**Provided material**
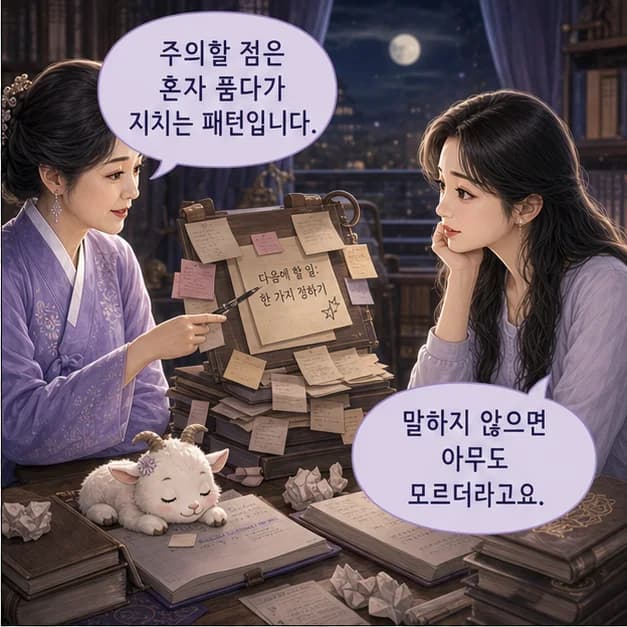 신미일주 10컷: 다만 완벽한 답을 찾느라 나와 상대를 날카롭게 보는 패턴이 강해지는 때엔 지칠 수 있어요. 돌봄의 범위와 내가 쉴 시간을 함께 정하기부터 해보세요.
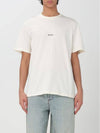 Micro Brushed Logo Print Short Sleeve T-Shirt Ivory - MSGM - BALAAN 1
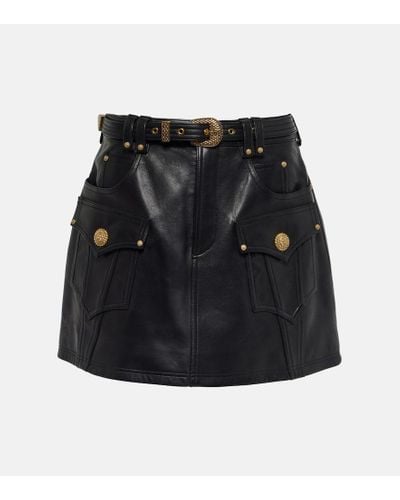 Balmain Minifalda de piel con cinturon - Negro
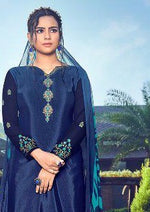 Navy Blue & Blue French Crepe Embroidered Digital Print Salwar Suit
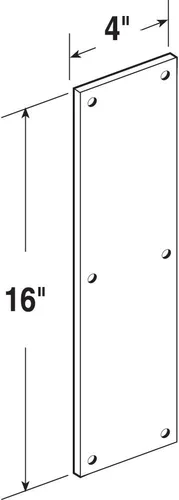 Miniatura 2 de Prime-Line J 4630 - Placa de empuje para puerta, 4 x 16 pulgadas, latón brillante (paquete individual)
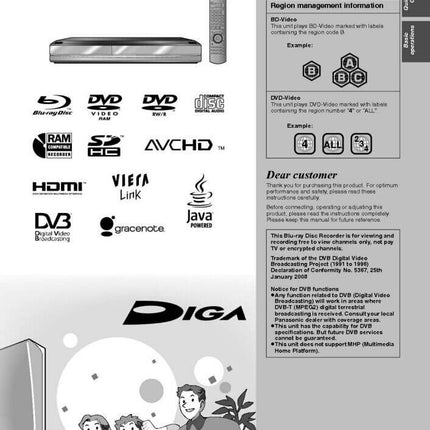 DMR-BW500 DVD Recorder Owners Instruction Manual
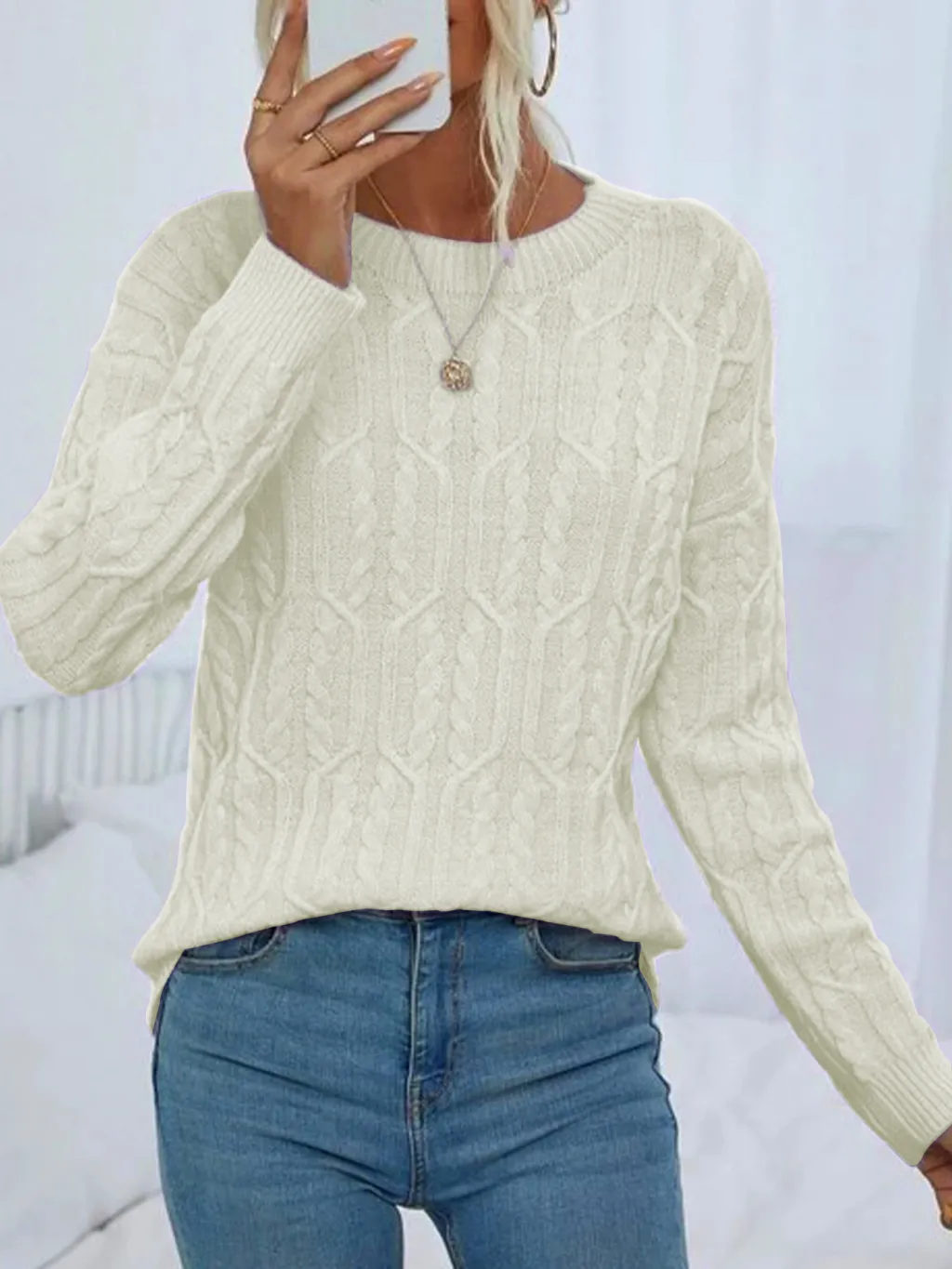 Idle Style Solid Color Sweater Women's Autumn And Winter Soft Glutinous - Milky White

**What the exercise asks**
Transcribe exactly, please, the lines between the start of the records above and the line holding "Navy Blue &", counting both of those lines and omitting pictures.

**Result**
 신미일주 10컷: 다만 완벽한 답을 찾느라 나와 상대를 날카롭게 보는 패턴이 강해지는 때엔 지칠 수 있어요. 돌봄의 범위와 내가 쉴 시간을 함께 정하기부터 해보세요.
 Micro Brushed Logo Print Short Sleeve T-Shirt Ivory - MSGM - BALAAN 1
 Balmain Minifalda de piel con cinturon - Negro
 Navy Blue & Blue French Crepe Embroidered Digital Print Salwar Suit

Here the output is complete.